機能改善のトレーニングなどになると、
「動きの悪いところをもっと動くように」とか、
「神経の促通していないところに電気を流して促通させていく」
といった「細かい」「繊細な」コントロールが求められます。
数センチ・数度のコントロール
筋肉は基本的に骨に付着しています。(じゃないとこもありますが)
ですので身体の動きは「骨運動」とも言えます。
筋肉が付着する位置が、筋肉が走行する(走行させたい)方向に向いている方が(もしくはしっかりと固定されている方が)
その筋肉をしっかりと縮めることに繋がり、しっかりと力を発揮することに繋がります。
その為に、機能させたい筋肉が付着する骨の向きや角度を
ほんの数センチ、数度を意識してもらいながら動かす必要があります。
セットアップが大切
そんな「数センチ・数度」を意識するためには、
まず動きが始まる前の段階でのコントロールが必要です。
すでに力が入っている段階で「数センチ・数度」の調整をするのはなかなか難しい動作になります。

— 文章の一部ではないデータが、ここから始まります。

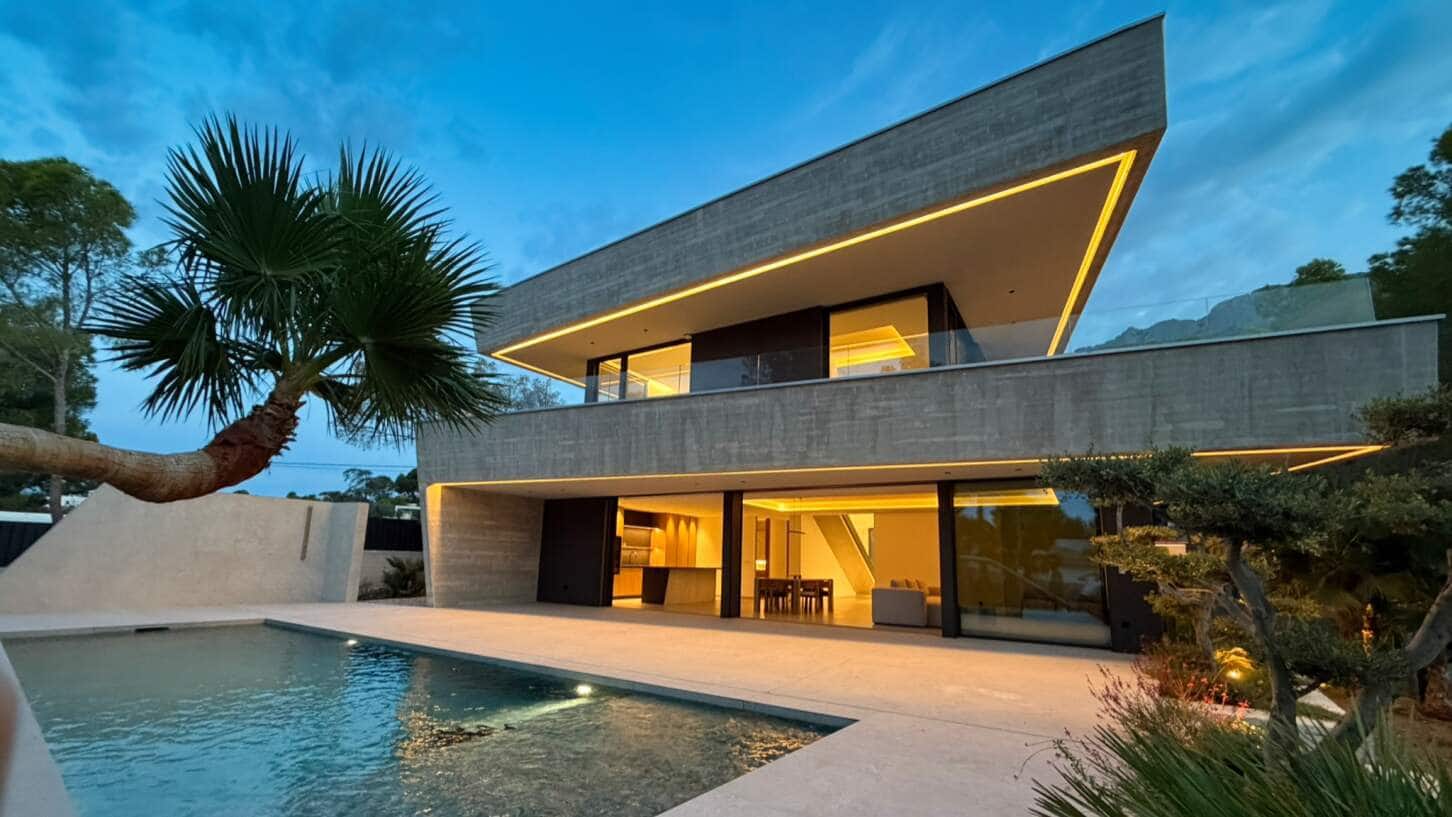 4 bedroom Villa for sale in Altea with pool garage - € 2,345,000 (Ref: 9609594)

人間の動きは一つの筋肉だけで活動することはありません。
特にわかり易い「複合関節動作」などは ※例えばスクワット動作など
「どの関節が一番先に動きだすか?」
「どの筋肉が一番先に動きだすか?」
が大切です。
人間の身体には『順番順序の法則』というのがあります。
※運動生理学的には存在しない法則ですが、ある素晴らしいトレーナーさんがおっしゃっていた法則
一番先に動きだした筋肉(意識が入った筋肉)がその動きの主導権を握ります。
そうです”誰が主導権を握るか?”がとても重要になります。
やってみて下さい
では実際にトレーニング動作でご説明します。
今回は「懸垂」(チンニング)で。
懸垂は背中の筋肉(広背筋など)をメインに鍛えていくトレーニングになります。
※あえて腕をメインに鍛える場合もありますが。
ですので、主導権は「背中の筋群」が握りたいです。
ただ動作的には「肘を曲げる動き」「腕を閉じる動き」が入ります。
次の2つの写真を比べて下さい。
どちらが「肘を曲げる動き」がメインで、どちらが「腕を閉じる動き」がメインでしょうか?
正しいのは「腕を閉じる動き」が主導権を握る動きです。
腕を下に引く動きになりますので、肩甲骨を下に引きよせ固定した状態にセットアップ時にする必要があります。
どこの筋肉をどうコントロールしたいのか?
今自分のやっているトレーニングが
「どこの筋肉を使って、どのような方向に動かしていきたいのか?」
ここを明確にして、その筋肉が付着している骨がどの方向を向くといいのかがわかれば(イメージできれば)トレーニングはうまくいきます!
数センチ・数度のコントロールがトレーニングや動きの正確さの明暗を分けます。